By A. H. KOSCHMANN and M. H. BERGENDAHL - USGS 1968
Jefferson County lies in north-central Colorado immediately west of Denver. The western two-thirds of the county is in the Front Range, and the northeastern third is in the Great Plains. Although placer gold was first discovered along Cherry Creek, east and southeast of Denver, the early prospectors worked along the streams west from there into the mountains, and in 1859 gold placers were discovered along Clear Creek near Golden in what is now Jefferson County (Henderson, 1926, p. 27, 129). No production was recorded from the county until 1885.
The county is credited with a production of $32,769 (1,585 ounces) in placer gold during 1885-1905 and with $29,527 (1,428 ounces) in lode gold during 1895-1904 (Henderson, 1926, p. 130). No production was recorded for 1906-31, but a consistent, though small, annual production during 1932-59 totaled 12,478 ounces of placer and 435 ounces of lode gold. Total county gold production through 1959 was about 15,900 ounces.
Lode gold in Jefferson County probably has been derived as a byproduct from several small copper deposits found in Precambrian rocks near Evergreen, notably in the Malachite mine. The deposits are in or very close to amphibolite schists and gneisses, which may be metamorphosed diorite. The deposits probably are Precambrian in age (Lovering and Goddard, 1950, p. 67-68).

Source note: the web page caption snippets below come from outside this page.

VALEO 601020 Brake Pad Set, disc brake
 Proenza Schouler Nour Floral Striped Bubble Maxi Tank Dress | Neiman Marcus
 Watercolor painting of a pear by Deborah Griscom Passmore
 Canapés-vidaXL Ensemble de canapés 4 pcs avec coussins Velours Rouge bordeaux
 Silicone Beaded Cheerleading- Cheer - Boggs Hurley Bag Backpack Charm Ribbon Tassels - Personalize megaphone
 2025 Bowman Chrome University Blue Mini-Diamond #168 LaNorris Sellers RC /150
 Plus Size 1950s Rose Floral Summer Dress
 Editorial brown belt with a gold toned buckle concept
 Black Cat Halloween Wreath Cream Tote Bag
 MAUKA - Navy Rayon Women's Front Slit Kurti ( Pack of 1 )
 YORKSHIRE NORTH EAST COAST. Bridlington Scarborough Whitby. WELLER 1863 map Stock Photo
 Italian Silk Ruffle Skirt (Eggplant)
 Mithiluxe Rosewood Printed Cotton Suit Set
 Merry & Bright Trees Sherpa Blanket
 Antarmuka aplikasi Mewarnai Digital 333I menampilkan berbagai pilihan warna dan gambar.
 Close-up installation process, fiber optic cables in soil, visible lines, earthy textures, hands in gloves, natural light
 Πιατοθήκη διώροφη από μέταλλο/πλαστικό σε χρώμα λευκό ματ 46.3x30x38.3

Most of the production from Jefferson County has come from the placers along Clear Creek. Immediately west of Golden, Clear Creek is a narrow stream and the yardage of sand and gravel is limited. East of Golden the gravel is more extensive. In recent years most of the gold production, as in Adams County, has come as a byproduct from sand-and-gravel operations (Vanderwilt, in Vanderwilt and others, 1947, p. 122). It appears reasonable to credit the entire placer production of the county, which was about 14,000 ounces, to this district.